İLK DERECE MAHKEMESİ KARARININ ÖZETİ: Mahkemece, iddia, savunma ve tüm dosya kapsamına göre, “www…net” alan adının 04.11.2007 tarihinde kayıt ettirildiği, davalı ticaret unvanının 17.04.2008 tarihinde tescil edildiği, davalı alan adının davacıya ait tescilli marka kapsamındaki “inşaat hizmetleri” ile aynı sektörde ticari etki doğuracak şekilde kullanıldığı, davalıya ait ticaret unvanın “inşaat hizmetlerine” ilişkin faaliyetlerinin davacıya ait “…” esas unsurlu ve “inşaat hizmetleri” bakımından tescilli marka ile aynı/aynı tür sektöre ilişkin olduğu, yine davalıya ait ticaret unvanı kapsamındaki bir kısım faaliyet türünün davacıya ait ticaret unvanı kapsamındaki faaliyet türü ile benzer olduğu, eldeki davanın 04/10/2019 tarihinde açıldığı, bu tarihten önce, davacının, davalıya ait alan adı veya ticaret unvanının kullanımının men’ine ilişkin olarak dava, ihtarname vb. hukuki çaba içerisinde bulunduğunun ispatlanamadığı, en erken tarih olarak delil tespiti istemine ilişkin 24/01/2019 tarihi dikkate alınsa bile, bu tarih itibariyle davalıya ait alan adının kayıt tarihi üzerinden 11 yılı aşkın, ticaret unvanının tescil tarihi üzerinden 10 yılı aşkın süre geçtiği, davalıya ait ticaret unvanının herkese açık olması ve davalıya ait alan adının da yine internet bağlantısı bulunan her yerden erişime açık olması karşısında, davacının marka ve ticaret unvanından kaynaklı benzer iştigal alanı ile faaliyet gösteren davalıdan 10 yılı aşkın süre boyunca haberdar olmamasının hayatın olağan akışına uygun olmadığı, davacının, davalıya ait bu eylemleri bilmese bile basiretli bir tacir olarak benzer sektörde faaliyet gösteren davalı eylemlerinden bu kadar uzun süre boyunca haberdar olması gerektiğini bilmesi gerektiği, bu hale göre 10 yılı aşkın süre boyunca sessiz kalarak davalı hakkında hukuki takibatta bulunmayan davalının, uzun süreli sessizliği nedeniyle davalının alan adını ve ticaret unvanını kullanmasına zımnen rıza gösterdiği, dolayısıyla sessiz kalma yolu ile hak kaybı koşullarının sonuçları somut olayda gerçekleştiğinden, dürüstlük kuralına aykırı olarak açılan davanın reddine karar verilmiştir.

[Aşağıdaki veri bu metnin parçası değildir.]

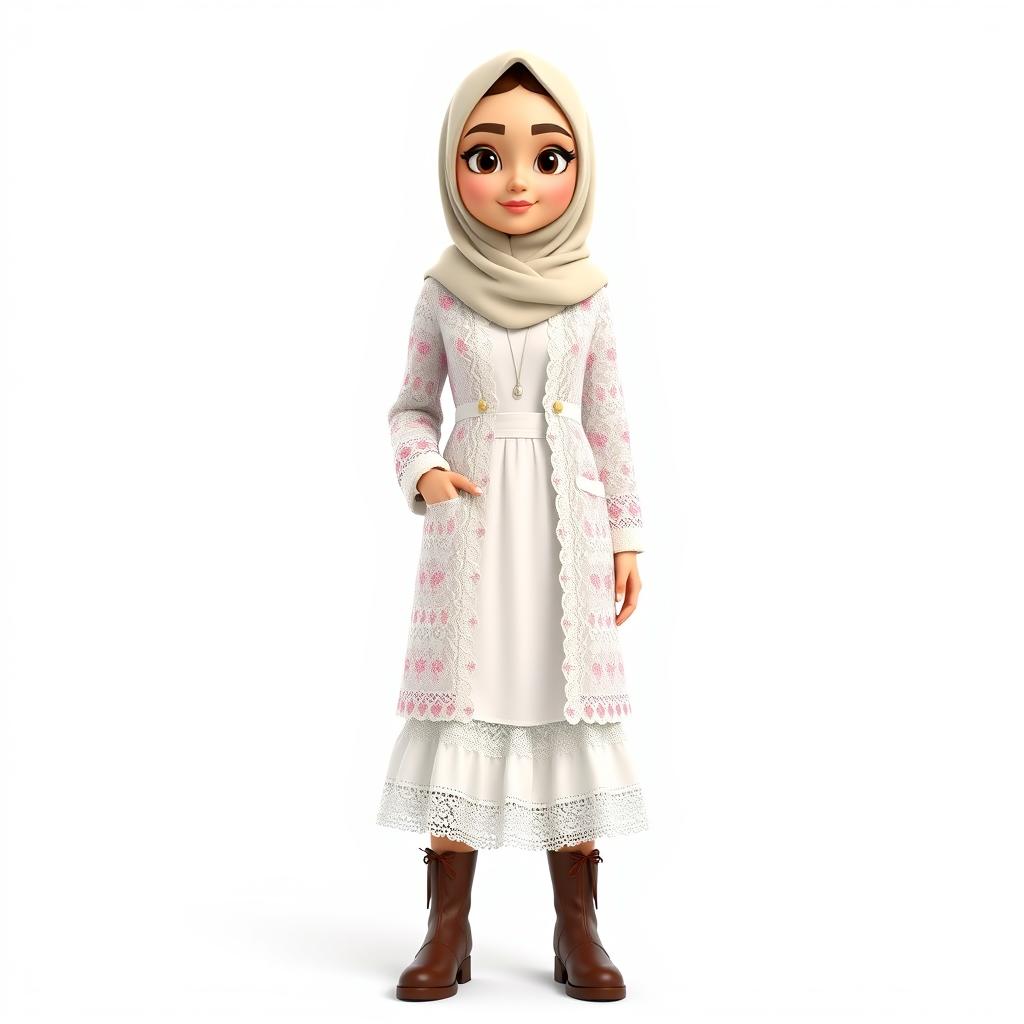 A cartoon 3D character of a 30-year-old woman standing in front of a white background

İLERİ SÜRÜLEN İSTİNAF SEBEPLERİ: Davacı vekili istinaf başvuru dilekçesinde, sessiz kalma yoluyla hak kaybının en önemli koşulu kötüniyetli sessiz kalma yoluyla hak kaybından bahsedebilmek için öncelikle davalı tarafın seçip kullandığı ve tescil ettirdiği ticaret ünvanı yönünden iyiniyetli olması gerektiği, ticaret unvanı, ticaret siciline tescil edildiği için tescilin olumlu etkisinden, yani tescilin iyi iyeti ortadan kaldırma fonksiyonundan yararlanacağı, yani karşı tarafın, müvekkilinin tescilli ticaret ünvanını bilmediği savunmasında bulunamayacağı, unvanı sonradan kullanan kişinin, genel kuralın aksine iyi niyetli olduğunun kabulü mümkün olmadığını, bunun doğal bir sonucu olarak da iyi niyetli olduğunu ileri süren üçüncü kişinin, bu iddiasını ispatla yükümlü bulunduğunu, oysa ki karşı taraf böyle bir iddiayı (iyiniyet iddiasını) ileri sürmediğini, davalı tarafın tescil aşamasında kötüniyetli davranarak özellikle … ibaresini tescil ettirerek müvekkili firmaların dünya çapındaki tanınmışlığından istifade etmek istediklerini, müvekkilinin markasının tanınmış olduğunu, mahkemece eksik inceleme yapıldığını ileri sürerek, ilk derece mahkemesi kararının kaldırılmasını, davanın kabulüne karar verilmesini istemiştir.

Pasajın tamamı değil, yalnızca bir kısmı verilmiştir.